Preloaded cache: Load the data in cache before the start of service and serve data from cache from the first request. Lazy loaded cache: Warm the cache as data is being requested i.e. first request for a specific data will hit the server or compute, then from next request onwards, data will be served from cache.
What is a caching layer?
In computing, a cache is a high-speed data storage layer which stores a subset of data, typically transient in nature, so that future requests for that data are served up faster than is possible by accessing the data’s primary storage location.
How is caching used in a microservice service?
Caching in microservices can help with improving performance and scaling if used wisely. Opt for service level domain aggregate caches and use mashed up object caching on client services only when you are trying to speed-up/avoid local processing on remote data.
Where do you draw the ” cache ” rectangle for your microservice cache strategy?
If you look at the following diagram representing a simple microservice architecture, where would you draw the “cache” rectangle for your microservice cache strategy? A diagram representing a simple microservice architecture. There is more than one right answer to this question.
How does caching work in a cloud native application?

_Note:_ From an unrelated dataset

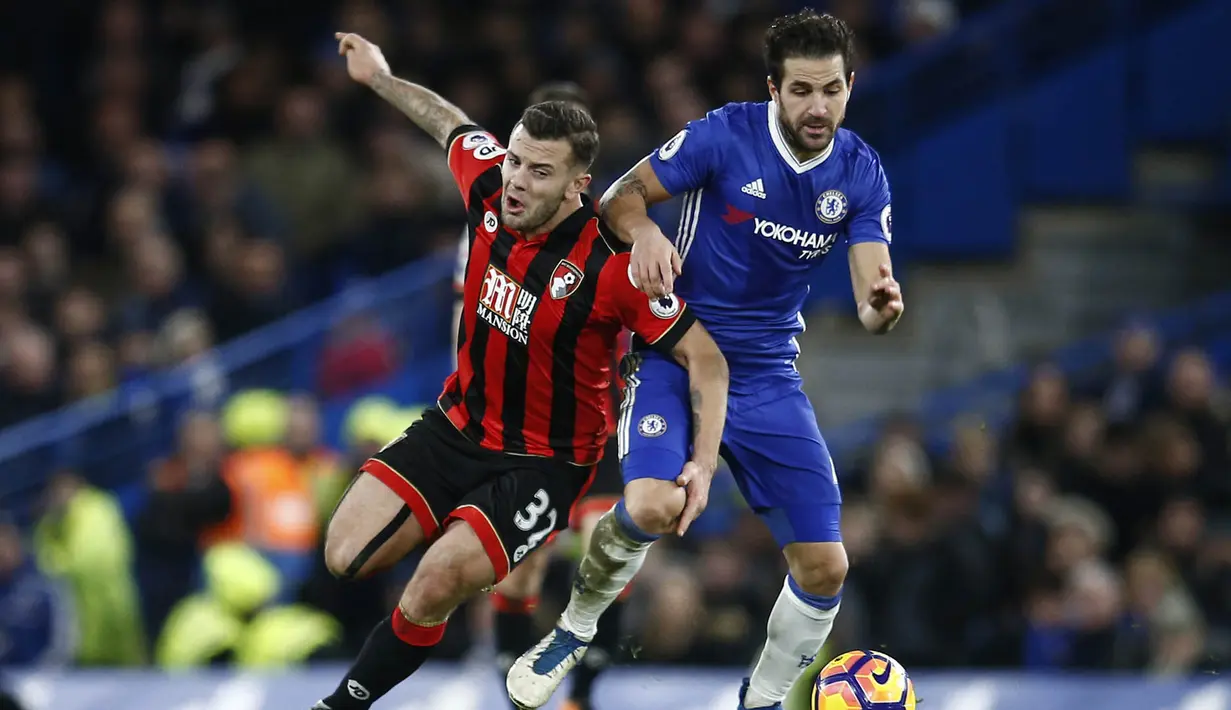 Gelandang Chelsea, Cesc Fabregas, menahan laju gelandang Bournemouth, Jack Wilshere. Pada laga ini Chelsea kembali turun dengan formasi andalannya 3-4-3, sementara Bournemouth menggunakan skema 3-5-1-1. (Reuters/Peter Nicholls)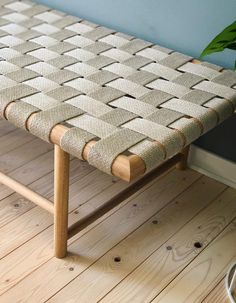 a wooden bench sitting on top of a hard wood floor next to a potted plant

If an operation transforms data or performs a complicated calculation, cache the result for subsequent requests. Cloud native applications typically implement a distributed caching architecture. The cache is hosted as a cloud-based backing service, separate from the microservices. Figure 5-15 shows the architecture.
When to use caching in a data store?
It reduces the latency and contention of handling large volumes of concurrent requests to a data store. As data volume and the number of users increase, the greater the benefits of caching become. Caching is most effective when a client repeatedly reads data that is immutable or that changes infrequently.